April 29, 2022

GDP growth surprisingly contracted by 1.4% in the first quarter after having surged by 6.9% in the fourth quarter. But consumer and business spending remained strong.  The reason why GDP fell in that quarter is that much of that consumer and business spending was on imported products rather than domestic ones.  Thus, supply constraints appear to have significantly weakened first quarter GDP growth.  And, in fact, with COVID spreading rapidly in China and lockdowns potentially spreading from Shanghai to Beijing, those supply constraints could be getting worse.  But the supply constraints should eventually end and when they do they will boost GDP by as much then as they slowed growth in 2021 and in the early part of 2022.    We had expected the supply constraints to diminish as the year progressed, but now with the drop in Q1 GDP growth and the developments in China, we anticipate most of the reduction in supply chain imbalances to occur in 2023 rather than 2022.  Given all this we have reduced our 2022 GDP forecast from 3.5% to 2.0%.  We expect GDP growth of 2.5% in 2023 as the reduction in supply chain imbalances to provide a tailwind to growth.
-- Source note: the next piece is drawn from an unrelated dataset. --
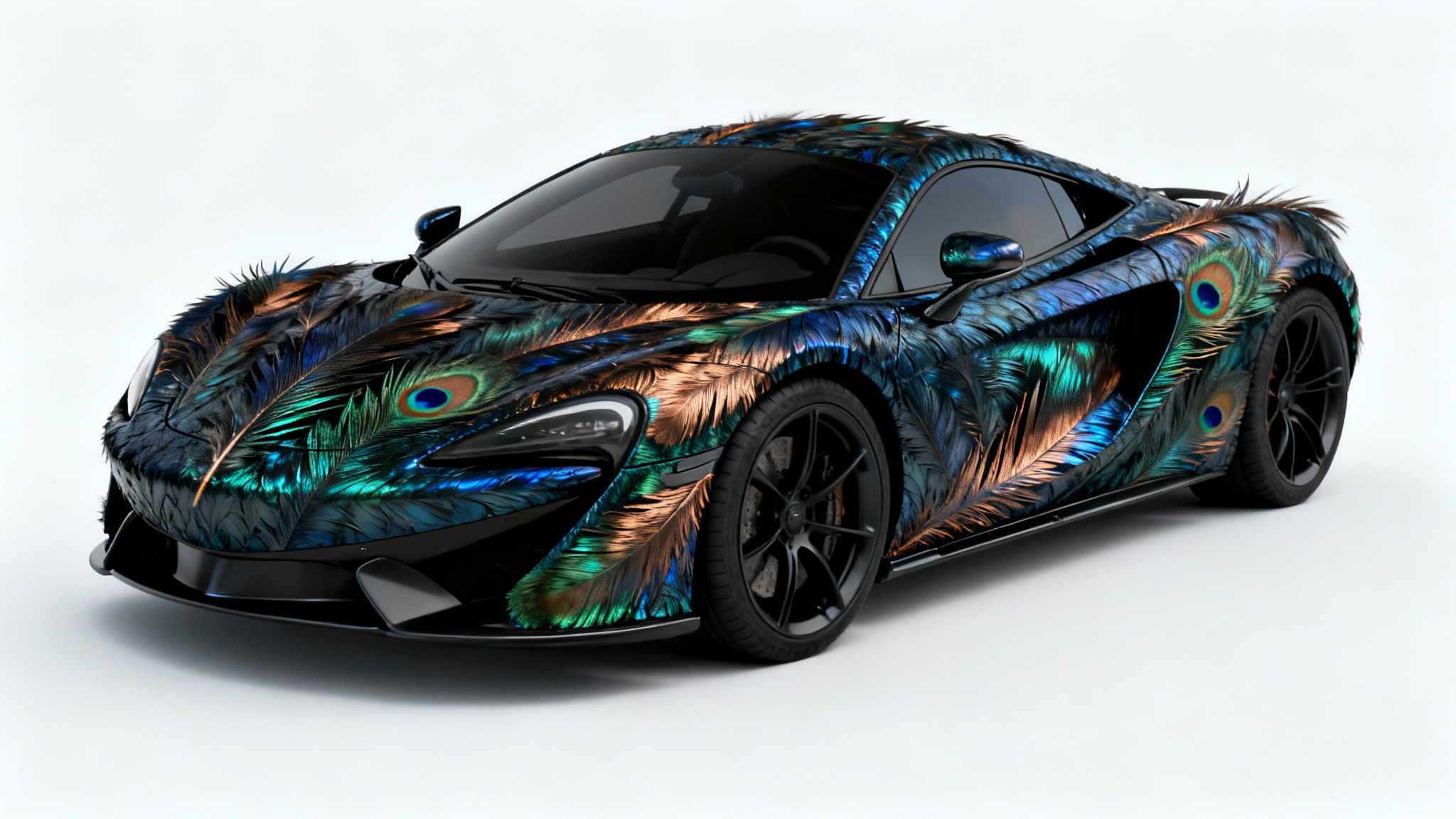 A luxury sports car with its body textured to look like shimmering peacock feathers, photographed in a clean white studio.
Given the GDP forecast above, we expect the unemployment rate to decline to 3.2% by the end of 2022.  The Fed considers the full employment threshold to be 4.0%.  That rate has already been achieved.

Given the recent rapid increase in money supply growth, the core CPI inflation rate rose 5.5% in 2021.  Given continuing rapid growth in the money supply, the dramatic increase in gas prices, and the surge in food prices the core CPI to climb by 6.4% this year and 5.8% in 2022.

Following the March FOMC meeting the Fed suggested that it could tighten at each of the remaining FOMC gatherings in this year.  Recent speeches by Fed officials suggest that the Fed may be aiming for a neutral funds rate of about 2.5% by yearned.  If so, it will require several 0.5% increases in the funds rate along the way.  We now expect the funds rate to reach 2.5% by the end of this year and 3.5% by the end of 2023,.  Even so its policy would still be accommodative because with the projected core CPI inflation rate for 2022 of 6.4%, the real rate would be -3.9% (2.5% – 6.4%).